**Try it**
Would you please transcribe, exactly as written, the lines of the entries below starting at the one that holds "Madison Vase mit" and ending at the one that holds "8 Photograph of", both included?
[[ Available data open ]]
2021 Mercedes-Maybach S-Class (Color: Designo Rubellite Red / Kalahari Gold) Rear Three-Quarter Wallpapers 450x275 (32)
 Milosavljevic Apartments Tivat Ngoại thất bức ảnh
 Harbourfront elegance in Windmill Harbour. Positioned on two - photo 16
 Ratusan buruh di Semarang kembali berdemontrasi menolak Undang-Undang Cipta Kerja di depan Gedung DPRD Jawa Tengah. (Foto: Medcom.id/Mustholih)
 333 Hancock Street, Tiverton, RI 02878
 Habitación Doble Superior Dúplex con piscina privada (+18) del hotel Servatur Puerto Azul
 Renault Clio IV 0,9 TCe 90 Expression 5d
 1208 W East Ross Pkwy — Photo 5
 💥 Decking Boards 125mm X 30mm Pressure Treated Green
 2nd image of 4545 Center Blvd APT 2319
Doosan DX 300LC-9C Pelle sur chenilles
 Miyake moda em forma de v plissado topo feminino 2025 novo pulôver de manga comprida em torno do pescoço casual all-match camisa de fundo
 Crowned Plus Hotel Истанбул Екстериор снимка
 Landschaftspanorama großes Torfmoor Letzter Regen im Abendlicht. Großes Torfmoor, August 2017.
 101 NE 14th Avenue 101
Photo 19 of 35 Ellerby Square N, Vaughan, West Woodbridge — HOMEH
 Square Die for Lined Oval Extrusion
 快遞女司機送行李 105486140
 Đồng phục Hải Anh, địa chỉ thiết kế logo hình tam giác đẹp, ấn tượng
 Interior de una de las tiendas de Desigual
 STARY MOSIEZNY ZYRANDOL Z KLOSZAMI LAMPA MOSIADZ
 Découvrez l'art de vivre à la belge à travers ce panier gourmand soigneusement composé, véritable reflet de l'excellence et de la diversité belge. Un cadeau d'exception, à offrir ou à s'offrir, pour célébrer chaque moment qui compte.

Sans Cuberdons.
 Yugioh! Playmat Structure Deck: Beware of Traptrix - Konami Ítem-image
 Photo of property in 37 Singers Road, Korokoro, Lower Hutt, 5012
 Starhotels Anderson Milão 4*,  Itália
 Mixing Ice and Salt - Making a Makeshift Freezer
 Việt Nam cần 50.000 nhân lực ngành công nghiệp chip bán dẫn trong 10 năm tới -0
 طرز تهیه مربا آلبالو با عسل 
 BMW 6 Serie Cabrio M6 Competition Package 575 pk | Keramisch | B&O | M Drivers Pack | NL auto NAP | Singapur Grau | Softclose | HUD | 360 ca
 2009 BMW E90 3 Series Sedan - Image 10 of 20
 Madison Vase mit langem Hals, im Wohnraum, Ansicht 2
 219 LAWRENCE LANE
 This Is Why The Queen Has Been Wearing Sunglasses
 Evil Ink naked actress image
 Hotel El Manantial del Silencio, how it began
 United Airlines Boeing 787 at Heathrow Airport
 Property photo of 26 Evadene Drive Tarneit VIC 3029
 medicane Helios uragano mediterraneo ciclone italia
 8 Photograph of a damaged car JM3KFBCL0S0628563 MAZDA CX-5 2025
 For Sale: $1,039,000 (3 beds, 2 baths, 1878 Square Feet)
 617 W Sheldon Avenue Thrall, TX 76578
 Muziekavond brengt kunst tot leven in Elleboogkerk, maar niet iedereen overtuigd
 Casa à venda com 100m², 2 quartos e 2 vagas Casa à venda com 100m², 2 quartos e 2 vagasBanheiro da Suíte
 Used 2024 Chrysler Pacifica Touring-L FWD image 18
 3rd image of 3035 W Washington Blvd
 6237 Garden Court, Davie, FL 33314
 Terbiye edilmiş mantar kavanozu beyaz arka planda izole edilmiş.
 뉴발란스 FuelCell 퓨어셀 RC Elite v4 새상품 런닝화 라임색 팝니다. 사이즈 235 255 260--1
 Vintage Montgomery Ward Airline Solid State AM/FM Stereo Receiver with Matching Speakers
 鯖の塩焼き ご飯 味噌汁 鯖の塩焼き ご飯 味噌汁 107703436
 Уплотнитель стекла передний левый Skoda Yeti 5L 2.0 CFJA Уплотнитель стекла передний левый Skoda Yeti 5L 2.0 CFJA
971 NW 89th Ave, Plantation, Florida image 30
[[ Available data closed ]]
**The completed task**
 Madison Vase mit langem Hals, im Wohnraum, Ansicht 2
 219 LAWRENCE LANE
 This Is Why The Queen Has Been Wearing Sunglasses
 Evil Ink naked actress image
 Hotel El Manantial del Silencio, how it began
 United Airlines Boeing 787 at Heathrow Airport
 Property photo of 26 Evadene Drive Tarneit VIC 3029
 medicane Helios uragano mediterraneo ciclone italia
 8 Photograph of a damaged car JM3KFBCL0S0628563 MAZDA CX-5 2025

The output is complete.